Voll erfasst: Arbeitszeit muss dokumentiert werden

Voll erfasst: Arbeitszeit muss dokumentiert werden 


Unternehmen sind dazu verpflichtet, die Arbeitszeit ihrer Mitarbeitenden zu erfassen.

Müssen Arbeitgebende deshalb teure digitale Tools anschaffen, wie interessierte Kreise es gern darstellen?

Nein, eine rechtssichere Arbeitszeiterfassung geht derzeit auch anders.

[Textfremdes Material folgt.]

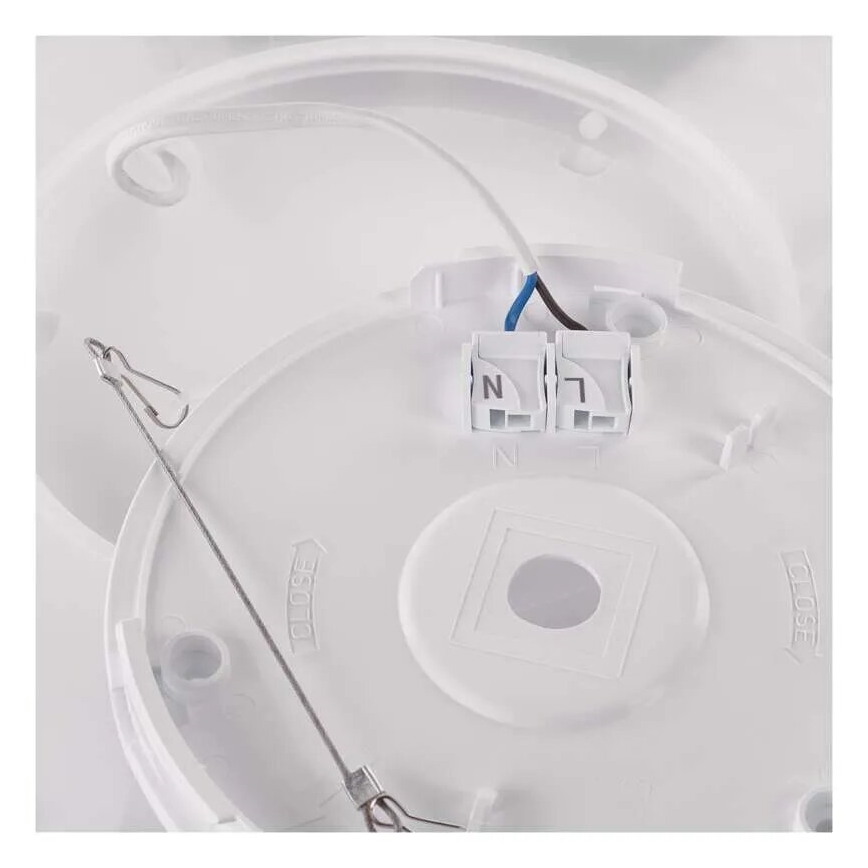 Φωτιστικό οροφής LED FLORI LED/22W/230V 4000K μαύρο 42x42 cm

Die aktuelle Rechtslage zur Arbeitszeiterfassung

Das Bundesarbeitsgericht (BAG) fällte im September 2022 die Grundsatzentscheidung, dass Arbeitgebende die Arbeitszeit ihrer Beschäftigten exakt dokumentieren müssen – generell und ohne Ausnahme (Az.: 1 ABR 22/21). Bislang mussten nur Überstunden und Sonntagsarbeit dokumentiert werden, jetzt muss die komplette Arbeitszeit systematisch erfasst werden. Genauer: Es muss die geleistete tägliche Arbeitszeit gemessen werden.


Auf welche Weise muss die Arbeitszeit dokumentiert werden?

Wie die Pflicht zur Arbeitszeiterfassung in der Praxis genau ausgestaltet wird, liegt in den Händen des Gesetzgebers. Das Bundesarbeitsgesetz soll entsprechend geändert werden, eine gesetzliche Neuregelung steht allerdings noch aus. Ein Urteil des Europäischen Gerichtshofs sieht wiederum vor, dass Zeiterfassungssysteme nachvollziehbar und fälschungssicher sein sollen.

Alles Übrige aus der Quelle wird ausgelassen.